Palestine, Eisner Award-winning cartoonist Joe Sacco’s seminal nonfiction graphic novel about Gaza, which pioneered the medium of “comics journalism” upon its publication over twenty years ago, has been rushed back into print in response to surging demand.
First published across nine issues by Fantagraphics from 1993 to 1995, and then as a single volume edition with an introduction by the Palestinian American academic and critic Edward Said in 2001, Palestine is a record of Sacco’s own journeys around Gaza in the winter of 1991/92. Sacco spent this time meeting with Palestinians in the West Bank and Gaza Strip and the narrative focuses on the minute details of everyday life in these areas.
Sacco had intended to write and draw a comic book based on his experiences traveling through Palestine, but, as he told the Observer earlier this week:
…when I was there, my journalistic training kicked in and, more than just talking to people, I started interviewing them … I began approaching the topic more systematically, trying to understand the actual structure of the occupation and its effect on Palestinians. So the fusion of comics and journalism was organic. I had no theory of graphic journalism. I was making it up as I was going along.

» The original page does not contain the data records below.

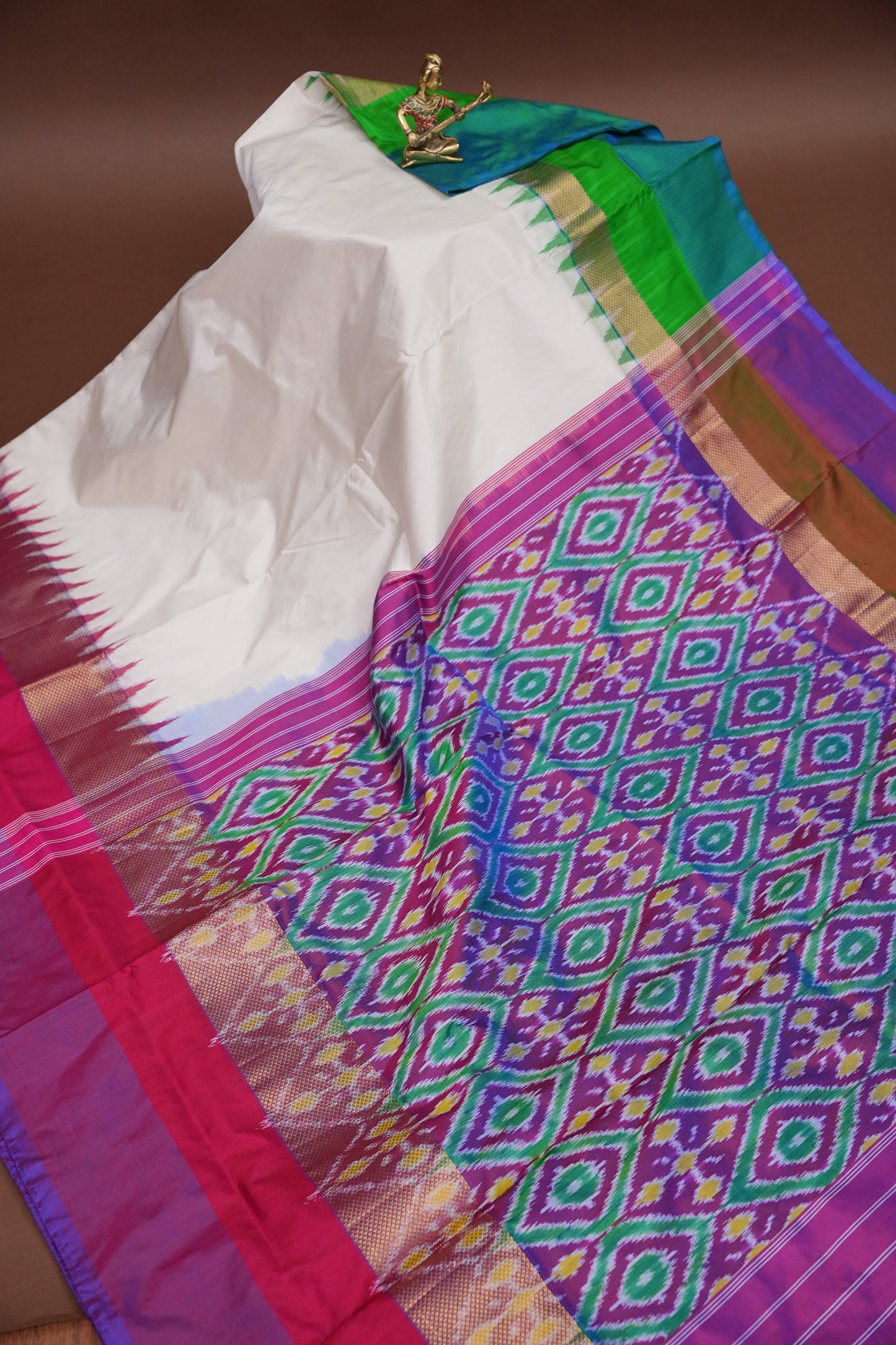 Pure Ikkat Soft Silk Saree - White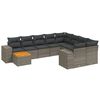 vidaXL Set Divani da Giardino 11 pz con Cuscini in Polyrattan Grigio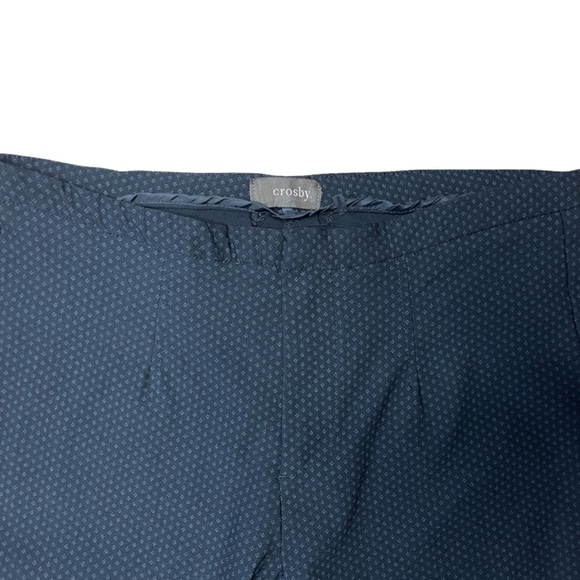 Crosby Navy Stretch Pants Geometric Dot Pattern Workwear Chic Smart Casual - 6 - Picture 2 of 11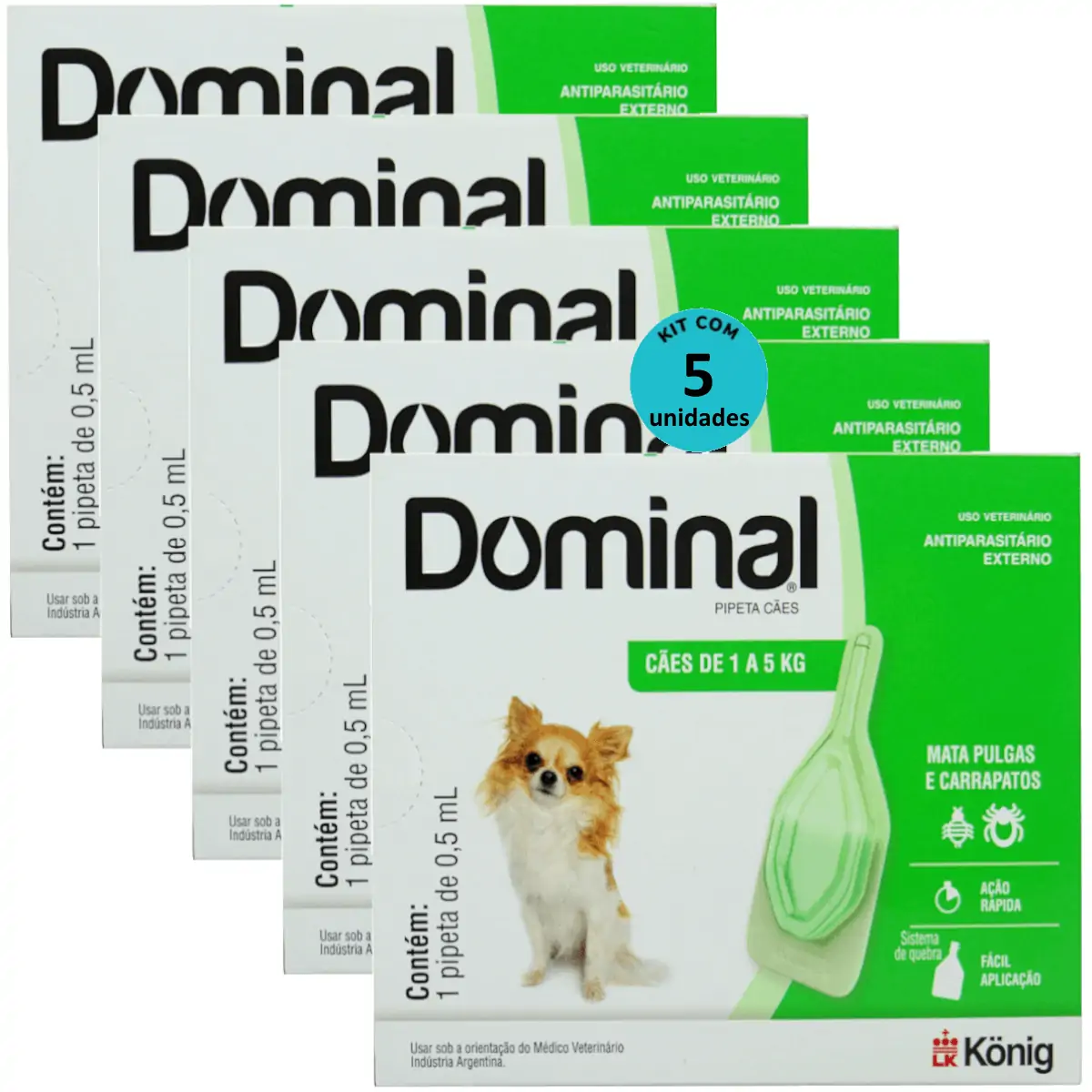 DOMINAL PIPETA PARA CÃES 1 A 5KG 0,5ML VERDE KIT COM 5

Sales of Palestine were initially slow—largely because people didn’t seem to know what to make of it, or even how to categorize it—but the book went on to win an American Book Award, develop a strong cult following, and become a core text of university courses examining the conflict. As Said wrote in his introduction to the book: “With the exception of one or two novelists and poets, no one has ever rendered this terrible state of affairs better than Joe Sacco.”
Gary Groth, the co-founder of Fantagraphics, said that demand for Palestine has soared since the October 7 Hamas attack on Israel and subsequent bombing of Gaza:
We blew out of our inventory of several thousand copies quickly and are reprinting now. Retailers and wholesalers began ordering the book in far greater quantities than in the recent past, which indicates that every element down the chain—consumers and retailers—are expressing demand for it.
As the Observer reports, Sacco is happy that the book is reaching a new audience, but that’s tinged with a deep sorrow for the current plight of the Palestinian people:
That the book itself still has relevance is a sorry testament to the enduring tragedy of the Palestinians—though, in some ways, it’s also a tribute to their fortitude, their unwillingness to give in.
I would go back, if I could get in. Thankfully, many brave Palestinian journalists are doing exemplary work despite the appalling conditions and the very real danger to themselves and their families. But the main reason I would like to go back to Gaza is to see my friends there. I hope they will make it through this.